En el primero se trata de la decisión de David de construir una casa (bayit) al Señor. “Cuando el rey se asentó en su casa y el Señor le hubo dado reposo de todos sus enemigos de alrededor”, recita el texto, “dijo al profeta Natán: Mira, yo habito en una casa de cedro, mientras el Arca de Dios habita en una tienda. Natán dijo al rey: Ve y haz lo que desea tu corazón, pues el Señor está contigo” (1-3). Como se puede ver el profeta está de acuerdo con David, pero no es esto lo que quiere el Señor.

De hecho – y estamos ya en el segundo pasaje - aquella misma noche el Señor habló a Natán dándole esta orden: “Ve y habla a mi siervo David: Así dice el Señor: ¿Tú me vas a construir una casa (bayit) para morada mía? […]” (4-11).
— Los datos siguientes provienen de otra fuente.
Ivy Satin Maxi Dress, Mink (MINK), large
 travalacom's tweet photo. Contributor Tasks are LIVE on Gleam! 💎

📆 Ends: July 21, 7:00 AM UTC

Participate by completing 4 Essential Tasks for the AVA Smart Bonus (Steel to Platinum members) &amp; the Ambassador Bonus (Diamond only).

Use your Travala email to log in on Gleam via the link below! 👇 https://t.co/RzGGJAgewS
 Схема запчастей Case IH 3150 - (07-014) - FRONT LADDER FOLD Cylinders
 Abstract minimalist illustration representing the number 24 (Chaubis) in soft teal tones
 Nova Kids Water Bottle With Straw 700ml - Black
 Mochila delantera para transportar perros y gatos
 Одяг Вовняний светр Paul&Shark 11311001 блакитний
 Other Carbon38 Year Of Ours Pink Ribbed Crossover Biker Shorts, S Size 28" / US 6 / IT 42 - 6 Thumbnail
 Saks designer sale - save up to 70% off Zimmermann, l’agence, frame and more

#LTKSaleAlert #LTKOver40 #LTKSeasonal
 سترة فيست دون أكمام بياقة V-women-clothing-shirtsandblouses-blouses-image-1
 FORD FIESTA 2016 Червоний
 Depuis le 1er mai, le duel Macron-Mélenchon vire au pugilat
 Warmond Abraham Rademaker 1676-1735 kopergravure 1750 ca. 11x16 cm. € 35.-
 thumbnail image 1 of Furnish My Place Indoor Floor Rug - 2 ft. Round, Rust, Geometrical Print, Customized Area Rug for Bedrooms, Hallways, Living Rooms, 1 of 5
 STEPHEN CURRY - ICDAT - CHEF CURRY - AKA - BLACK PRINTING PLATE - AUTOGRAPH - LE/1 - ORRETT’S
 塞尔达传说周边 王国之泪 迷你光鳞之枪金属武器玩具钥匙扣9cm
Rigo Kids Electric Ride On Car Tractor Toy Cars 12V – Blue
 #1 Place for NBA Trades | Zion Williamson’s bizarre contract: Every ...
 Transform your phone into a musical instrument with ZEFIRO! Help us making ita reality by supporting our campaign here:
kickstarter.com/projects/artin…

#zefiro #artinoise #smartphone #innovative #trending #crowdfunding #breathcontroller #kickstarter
En la práctica, el Señor no solo no quiere que David le construya una casa (o sea, ningún templo), sino que quiere edificarle Él (Yhwh) una casa al rey (o sea, asegurarle una descendencia para siempre).

Resulta claro lo que el mismo Señor declara en el tercer pasaje con estas palabras que no dejan lugar a ningún equívoco: “Pues bien, el Señor te anuncia que te va a edificar una casa (bayit). En efecto, cuando se cumplan tus días y reposes con tus padres, yo suscitaré descendencia (bayit) tuya después de ti. Al que salga de tus entrañas le afirmaré su reino. […] Yo seré para él un padre y él será para mí un hijo. […] Tu casa y tu reino se mantendrán siempre firmes ante mí, tu trono durará para siempre” (vv. 12-16).

Es, pues, haciendo alusión a esta profecía que el ángel Gabriel comunica a María que su niño será grande y será rey de la dinastía de David y que su reino no tendrá nunca fin. Un hijo, añade el ángel, que será llamado hijo del Altísimo. Una dignidad, ésta, que María tendrá que descubrir, sin embargo, a través de las humillaciones que sufrirá Jesús a lo largo de su ministerio y, sobre todo, cuando sea condenado a muerte como un malhechor. Seguirá a su Hijo por el mismo camino hasta el Calvario, como la primera y la más fiel entre todos los discípulos.

El cómo de su fiel seguimiento, nos lo explica muy bien el evangelista Lucas, anotando que, mientras muchos exaltaban a su Hijo y otros lo despreciaban, "María, por su parte, conservaba todas estas cosas [todo lo que pasaba], meditándolas en su corazón” (Lc 2,19).